History

United States
- Name: USS Caravan (AMc-134)
- Builder: Willamette Iron and Steel Works, Portland, Oregon
- Reclassified: AM-157, 21 February 1942
- Laid down: 16 May 1942
- Launched: 27 October 1942
- Commissioned: 21 January 1944
- Decommissioned: 17 August 1945
- Fate: Transferred to Soviet Navy, 17 August 1945
- Reclassified: MSF-157, 7 February 1955
- Stricken: 1 January 1983

History

Soviet Union
- Name: T-337
- Acquired: 17 August 1945
- Fate: Scrapped 1960

General characteristics
- Class & type: Admirable-class minesweeper
- Displacement: 650 tons
- Length: 184 ft 6 in (56.24 m)
- Beam: 33 ft (10 m)
- Draft: 9 ft 9 in (2.97 m)
- Propulsion: 2 × ALCO 539 diesel engines, 1,710 shp (1.3 MW); Farrel-Birmingham single reduction gear; 2 shafts;
- Speed: 14.8 knots (27.4 km/h)
- Complement: 104
- Armament: 1 × 3"/50 caliber gun DP; 2 × twin Bofors 40 mm guns; 1 × Hedgehog anti-submarine mortar; 2 × depth charge tracks;

Service record
- Part of: U.S. Pacific Fleet (1944-1945); Soviet Pacific Ocean Fleet (1945-1960);

= USS Caravan =

Minesweeper of the United States Navy

USS Caravan (AM-157) was an built for the United States Navy during World War II and in commission from 1944 to 1945. In 1945, she was transferred to the Soviet Union and after that served in the Soviet Navy as T-337.

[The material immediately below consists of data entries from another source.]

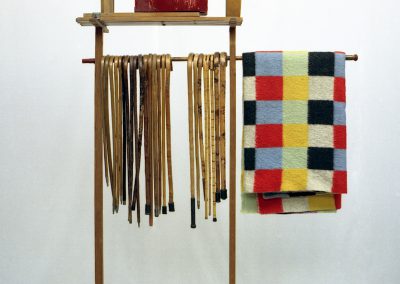 Compositie met wandelstokken, klapstoeltjes en een deken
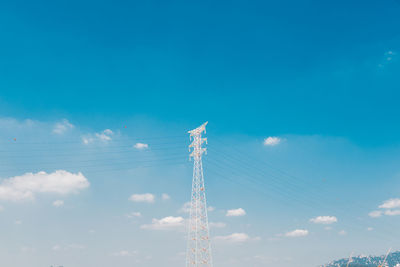 Low angle view of electricity pylon against sky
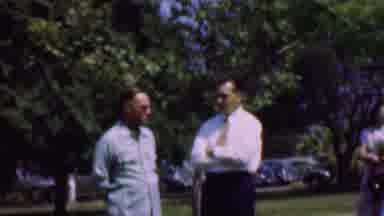 Dallas Texas USA (1956): Two Men Standing Outside Talking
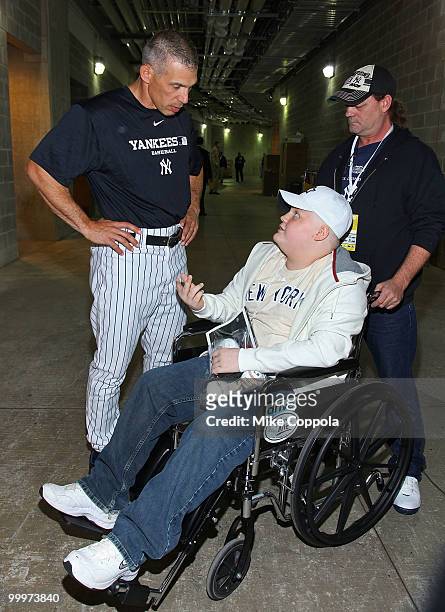 New York Yankees Manager Joe Girardi speaks with Jack Williams and Roger Williams at the starter event at NY Yankees batting practice at Yankee...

==Construction and commissioning==
Originally classified as a "coastal minesweeper," AMc-134, Caravan was reclassified as a "minesweeper," AM-157, on 21 February 1942. She was launched on 27 October 1942 at Portland, Oregon, by Willamette Iron and Steel Works and commissioned on 21 January 1944.

==Service history==

===U.S. Navy, World War II, 1944-1945===
Caravan stood out of San Francisco, California, on 25 March 1944, bound for Pearl Harbor in the Territory of Hawaii and Majuro and Eniwetok in the Marshall Islands. She arrived at Eniwetok on 25 April 1944 and began operations as a patrol vessel, lifeguard for aviators downed during aircraft carrier strikes, and convoy escort. Her escort duties took her throughout the Mariana Islands, and in September 1944 she was rebased there at Guam. She moved to Ulithi in October 1944 - riding out a severe typhoon en route - to begin operations in the Palau Islands as well as the Marianas.

Selected for transfer to the Soviet Navy in Project Hula - a secret program for the transfer of U.S. Navy ships to the Soviet Navy at Cold Bay, Territory of Alaska, in anticipation of the Soviet Union joining the war against Japan - Caravan arrived at Portland, Oregon, in May 1945 for a pre-transfer overhaul. In July 1945 she arrived at Cold Bay to train her new Soviet crew.

===Soviet Navy, 1945-1960===

Following the completion of training for her Soviet crew, Caravan was decommissioned on 17 August 1945 at Cold Bay and transferred to the Soviet Union under Lend-Lease immediately. Also commissioned into the Soviet Navy immediately, she was designated as a tralshik ("minesweeper") and renamed T-337 in Soviet service. She soon departed Cold Bay bound for Petropavlovsk-Kamchatsky in the Soviet Union, where she served in the Soviet Far East.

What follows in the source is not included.